** RECORD EXTRACTS **
* * * *

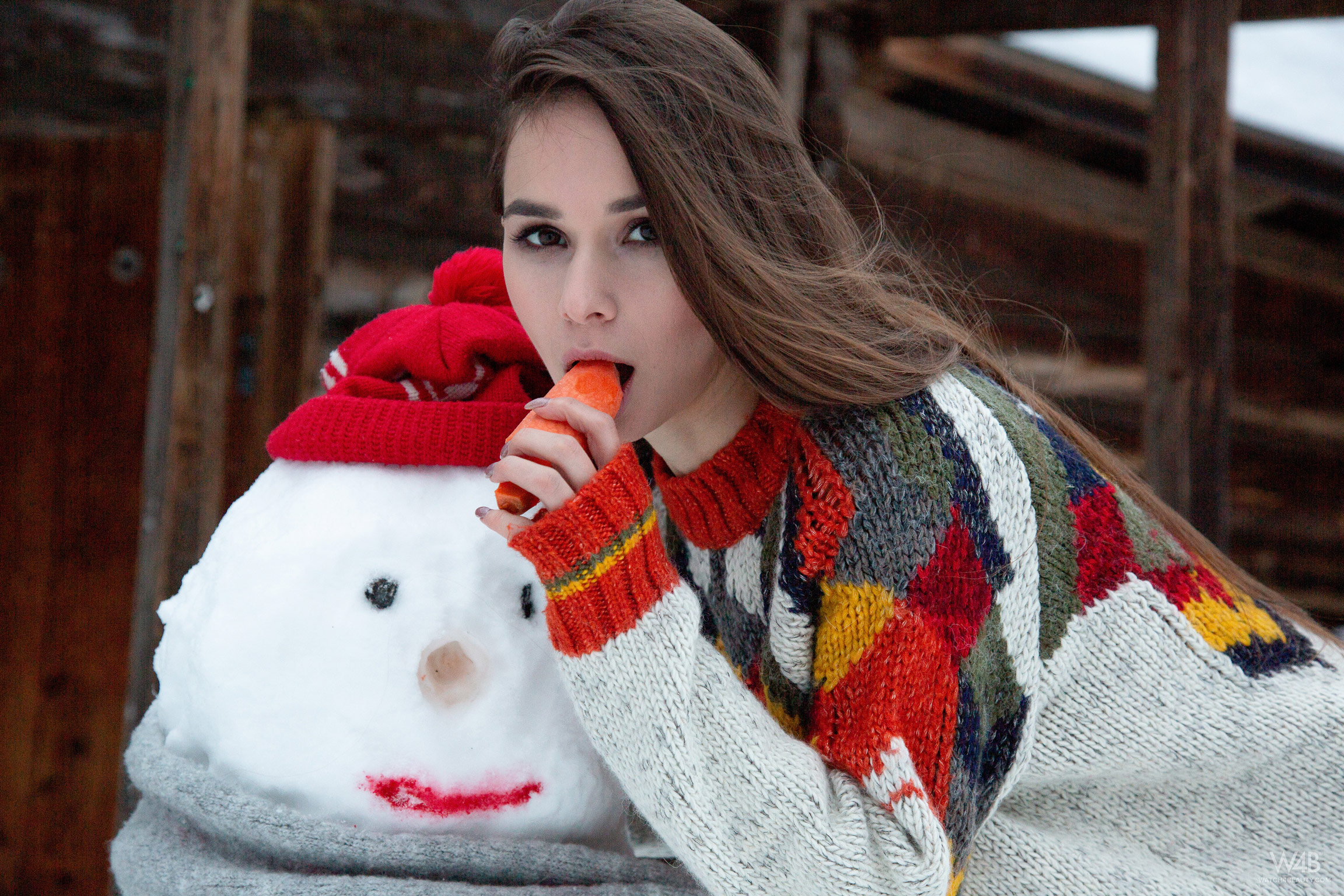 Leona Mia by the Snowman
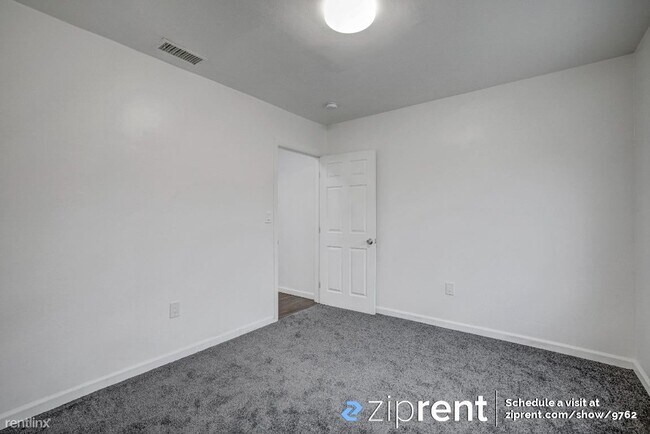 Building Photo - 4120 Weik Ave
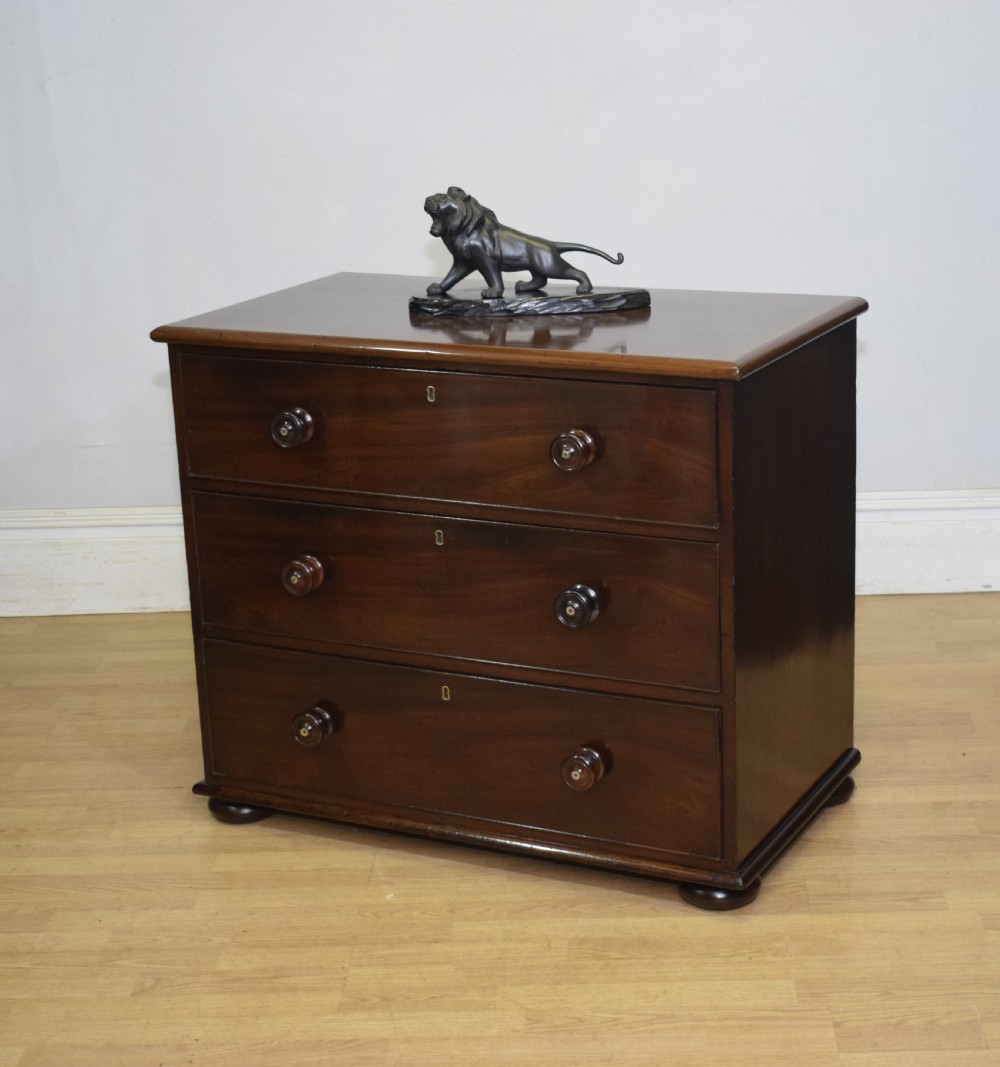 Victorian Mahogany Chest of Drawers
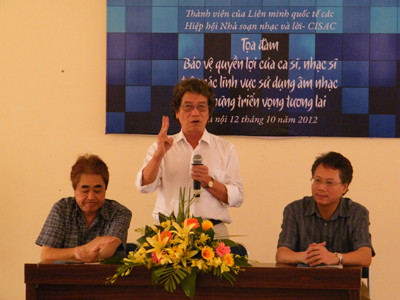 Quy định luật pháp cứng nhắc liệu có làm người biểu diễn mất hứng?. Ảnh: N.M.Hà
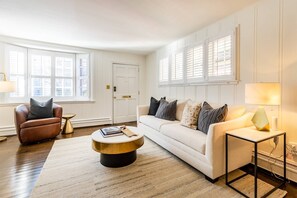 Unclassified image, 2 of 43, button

* * * *

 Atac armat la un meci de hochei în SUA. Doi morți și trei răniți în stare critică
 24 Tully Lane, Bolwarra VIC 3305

* * * *

** PROBLEM DESCRIPTION **
From the material above, reproduce only what runs from the line holding "Leona Mia by the Snowman" down to the line holding "Unclassified image, 2 of 43, button", both included, pictures excluded.

** SOLUTION TO THIS PROBLEM **
 Leona Mia by the Snowman
 Building Photo - 4120 Weik Ave
 Victorian Mahogany Chest of Drawers
 Quy định luật pháp cứng nhắc liệu có làm người biểu diễn mất hứng?. Ảnh: N.M.Hà
 Unclassified image, 2 of 43, button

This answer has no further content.